Chapter Three: Harsh Reality
The Upper District didn't even feel like the same city.
Kirro had never been this far before. Here, the air smelled cleaner, the streets weren't cracked, and the neon signs never flickered. Towering glass towers shimmered above, their lights never rationed, their wealth so blinding it made the slums feel like another planet.
He clutched his backpack straps tighter. Electricity tingled faintly under his skin. He couldn't stop grinning. This was it. This was the first step toward pulling his family out of the dirt.
The Agency
The Aetherion Agency building rose in front of him like a fortress, its glass walls reflecting the sun. Their operatives were legends — faces plastered on billboards, names whispered like gods. And today, Kirro would join them.
He pushed the heavy doors open and stepped into a lobby that looked like another world. Polished floors. Holographic displays of operatives mid-battle. A receptionist desk glowing with pale blue light.
The woman behind it barely looked up. "Business?"
Kirro cleared his throat. "I'm here to join.
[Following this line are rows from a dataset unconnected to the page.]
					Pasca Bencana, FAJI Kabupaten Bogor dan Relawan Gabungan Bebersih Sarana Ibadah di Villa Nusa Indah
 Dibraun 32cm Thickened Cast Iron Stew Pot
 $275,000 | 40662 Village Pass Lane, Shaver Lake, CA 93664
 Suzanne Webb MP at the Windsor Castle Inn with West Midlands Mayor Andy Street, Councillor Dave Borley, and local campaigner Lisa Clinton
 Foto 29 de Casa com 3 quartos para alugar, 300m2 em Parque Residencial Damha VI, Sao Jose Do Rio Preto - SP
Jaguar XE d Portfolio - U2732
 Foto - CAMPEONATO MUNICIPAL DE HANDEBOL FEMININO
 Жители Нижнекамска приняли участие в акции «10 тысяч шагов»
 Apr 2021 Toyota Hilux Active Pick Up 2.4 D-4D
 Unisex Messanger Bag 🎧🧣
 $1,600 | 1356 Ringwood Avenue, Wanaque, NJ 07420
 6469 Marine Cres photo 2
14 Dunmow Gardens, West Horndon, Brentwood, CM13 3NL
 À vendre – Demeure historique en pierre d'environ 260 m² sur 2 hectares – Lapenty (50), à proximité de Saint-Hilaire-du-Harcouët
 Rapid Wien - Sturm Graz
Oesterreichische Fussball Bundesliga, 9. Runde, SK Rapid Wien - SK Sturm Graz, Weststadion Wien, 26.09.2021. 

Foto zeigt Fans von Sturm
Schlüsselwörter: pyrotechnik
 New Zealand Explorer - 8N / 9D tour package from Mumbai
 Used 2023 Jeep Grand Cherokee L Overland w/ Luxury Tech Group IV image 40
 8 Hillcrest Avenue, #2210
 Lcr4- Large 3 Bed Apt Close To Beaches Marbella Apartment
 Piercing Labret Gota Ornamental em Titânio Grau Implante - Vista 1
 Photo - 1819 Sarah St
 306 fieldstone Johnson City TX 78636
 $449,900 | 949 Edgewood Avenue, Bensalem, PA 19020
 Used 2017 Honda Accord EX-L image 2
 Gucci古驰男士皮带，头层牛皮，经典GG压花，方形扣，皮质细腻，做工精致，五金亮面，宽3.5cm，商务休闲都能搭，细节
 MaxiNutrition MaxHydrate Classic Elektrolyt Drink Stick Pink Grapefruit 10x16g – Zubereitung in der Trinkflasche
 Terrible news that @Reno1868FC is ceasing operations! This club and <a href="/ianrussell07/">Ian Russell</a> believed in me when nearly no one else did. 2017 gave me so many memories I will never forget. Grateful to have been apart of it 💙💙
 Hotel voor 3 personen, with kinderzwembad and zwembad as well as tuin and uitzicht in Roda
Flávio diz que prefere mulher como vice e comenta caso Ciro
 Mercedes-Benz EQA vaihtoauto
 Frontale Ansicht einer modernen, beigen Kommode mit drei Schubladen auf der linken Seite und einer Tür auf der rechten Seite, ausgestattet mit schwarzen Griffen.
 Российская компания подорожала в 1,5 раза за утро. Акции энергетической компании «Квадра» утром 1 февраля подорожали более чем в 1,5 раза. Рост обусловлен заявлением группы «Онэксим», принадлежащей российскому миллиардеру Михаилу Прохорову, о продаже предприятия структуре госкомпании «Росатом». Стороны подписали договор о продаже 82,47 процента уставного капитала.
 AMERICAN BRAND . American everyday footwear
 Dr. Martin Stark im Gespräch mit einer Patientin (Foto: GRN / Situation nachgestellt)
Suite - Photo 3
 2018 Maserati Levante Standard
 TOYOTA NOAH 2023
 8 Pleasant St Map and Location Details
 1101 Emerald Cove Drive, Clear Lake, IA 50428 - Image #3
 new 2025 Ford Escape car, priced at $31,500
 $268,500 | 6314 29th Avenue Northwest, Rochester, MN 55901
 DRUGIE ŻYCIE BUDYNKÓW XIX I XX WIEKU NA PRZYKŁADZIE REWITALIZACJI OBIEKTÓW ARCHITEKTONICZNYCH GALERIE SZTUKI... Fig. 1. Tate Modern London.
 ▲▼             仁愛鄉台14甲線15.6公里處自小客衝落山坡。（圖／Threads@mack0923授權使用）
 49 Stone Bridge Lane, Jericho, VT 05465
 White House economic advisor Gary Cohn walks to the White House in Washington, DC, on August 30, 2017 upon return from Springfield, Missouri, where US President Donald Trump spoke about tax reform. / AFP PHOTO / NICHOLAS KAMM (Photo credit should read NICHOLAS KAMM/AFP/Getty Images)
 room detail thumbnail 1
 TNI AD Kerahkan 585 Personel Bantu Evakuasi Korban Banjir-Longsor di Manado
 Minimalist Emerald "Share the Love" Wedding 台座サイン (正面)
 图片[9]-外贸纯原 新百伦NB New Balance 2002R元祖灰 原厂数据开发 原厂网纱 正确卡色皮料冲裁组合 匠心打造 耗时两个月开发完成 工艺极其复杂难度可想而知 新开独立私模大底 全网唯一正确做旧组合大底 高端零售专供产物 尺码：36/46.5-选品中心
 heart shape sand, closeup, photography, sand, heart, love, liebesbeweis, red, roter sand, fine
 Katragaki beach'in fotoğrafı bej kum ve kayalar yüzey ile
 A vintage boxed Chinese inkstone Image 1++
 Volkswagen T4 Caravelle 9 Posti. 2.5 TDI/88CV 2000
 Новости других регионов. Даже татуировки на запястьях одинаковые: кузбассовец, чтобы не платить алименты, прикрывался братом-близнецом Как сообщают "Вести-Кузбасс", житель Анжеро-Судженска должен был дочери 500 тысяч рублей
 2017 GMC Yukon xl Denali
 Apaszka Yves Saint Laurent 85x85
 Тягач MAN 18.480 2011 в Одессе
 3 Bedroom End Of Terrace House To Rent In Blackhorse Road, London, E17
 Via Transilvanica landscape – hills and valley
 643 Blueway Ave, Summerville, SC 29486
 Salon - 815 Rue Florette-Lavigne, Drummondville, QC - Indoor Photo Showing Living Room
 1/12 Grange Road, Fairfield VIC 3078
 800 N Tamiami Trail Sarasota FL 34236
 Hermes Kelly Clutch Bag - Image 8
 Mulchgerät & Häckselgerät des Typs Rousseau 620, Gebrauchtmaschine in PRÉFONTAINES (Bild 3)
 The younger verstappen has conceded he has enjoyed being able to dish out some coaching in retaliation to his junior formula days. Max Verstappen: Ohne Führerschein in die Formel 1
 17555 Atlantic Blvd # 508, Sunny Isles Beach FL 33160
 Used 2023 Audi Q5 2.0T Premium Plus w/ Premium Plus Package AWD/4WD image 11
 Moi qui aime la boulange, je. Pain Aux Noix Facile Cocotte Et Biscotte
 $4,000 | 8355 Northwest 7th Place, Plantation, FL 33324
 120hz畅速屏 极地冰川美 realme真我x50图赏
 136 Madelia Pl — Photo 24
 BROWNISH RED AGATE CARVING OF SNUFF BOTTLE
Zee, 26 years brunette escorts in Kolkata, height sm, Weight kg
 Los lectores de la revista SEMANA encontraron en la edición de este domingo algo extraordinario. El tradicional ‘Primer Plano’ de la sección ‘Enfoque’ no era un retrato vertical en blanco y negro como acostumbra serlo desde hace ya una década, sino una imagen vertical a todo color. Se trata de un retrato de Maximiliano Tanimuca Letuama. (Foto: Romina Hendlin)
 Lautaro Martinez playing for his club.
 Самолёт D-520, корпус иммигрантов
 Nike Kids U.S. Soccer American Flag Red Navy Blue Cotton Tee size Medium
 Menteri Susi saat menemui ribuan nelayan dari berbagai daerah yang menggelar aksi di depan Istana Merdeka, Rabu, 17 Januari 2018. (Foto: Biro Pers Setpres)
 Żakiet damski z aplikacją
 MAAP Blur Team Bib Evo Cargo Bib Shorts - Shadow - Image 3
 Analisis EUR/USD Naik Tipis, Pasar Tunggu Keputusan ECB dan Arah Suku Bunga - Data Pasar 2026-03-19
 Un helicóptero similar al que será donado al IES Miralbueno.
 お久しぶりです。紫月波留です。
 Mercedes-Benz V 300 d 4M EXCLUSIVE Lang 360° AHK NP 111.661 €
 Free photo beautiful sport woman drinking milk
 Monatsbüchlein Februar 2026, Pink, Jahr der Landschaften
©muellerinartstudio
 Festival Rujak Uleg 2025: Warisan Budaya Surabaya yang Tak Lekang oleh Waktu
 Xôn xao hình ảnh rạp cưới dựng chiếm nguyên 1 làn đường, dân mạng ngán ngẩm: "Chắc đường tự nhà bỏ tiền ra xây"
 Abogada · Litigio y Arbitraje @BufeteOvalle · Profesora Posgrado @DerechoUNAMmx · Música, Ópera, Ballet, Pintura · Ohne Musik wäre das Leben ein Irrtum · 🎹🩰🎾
I awakened yesterday — electricity. Voltage." He lifted his hand and let sparks crackle across his fingers, sharp and blue.
She didn't even flinch. Just tapped at her screen. "Class?"
Kirro blinked. "...Class?"
"All powers are ranked," she said flatly. "Entry requires Class-B or higher."
"What?" His chest tightened. "You haven't even tested me. I'm strong, I—"
She cut him off. "Testing requires registration. Registration requires ten thousand credits."
Kirro froze. Ten thousand? That was more than his family made in a year.
"I don't—I don't have that," he said, voice cracking.
The woman finally glanced at him, eyes sweeping over his scuffed hoodie and worn-out shoes. "Then you don't belong here. And judging by your sparks? Raw, unstable. That's Class-D. Trash tier."
The words hit harder than any punch.
Kirro opened his mouth, but she was already waving the next person forward. To her, he was nothing. Just another slum rat playing pretend.
Thrown Away
By the time Kirro stumbled back outside, the world felt smaller. The towers overhead loomed like they were laughing down at him. His stomach churned. His chest burned.
Ten thousand credits. Class-D.
They hadn't even looked at him. They hadn't even given him a chance.
He thought this power was his way out — his family's way out. But here, in the shining city built for the rich, his sparks meant nothing.
Kirro clenched his fists until his knuckles ached. "They're wrong," he whispered. "I'll show them. I'll prove it."
But as he walked back toward the slums, the fire in his chest began to twist. The hope he'd felt that morning — bright, alive — was already flickering.
And in its place, something darker started to grow.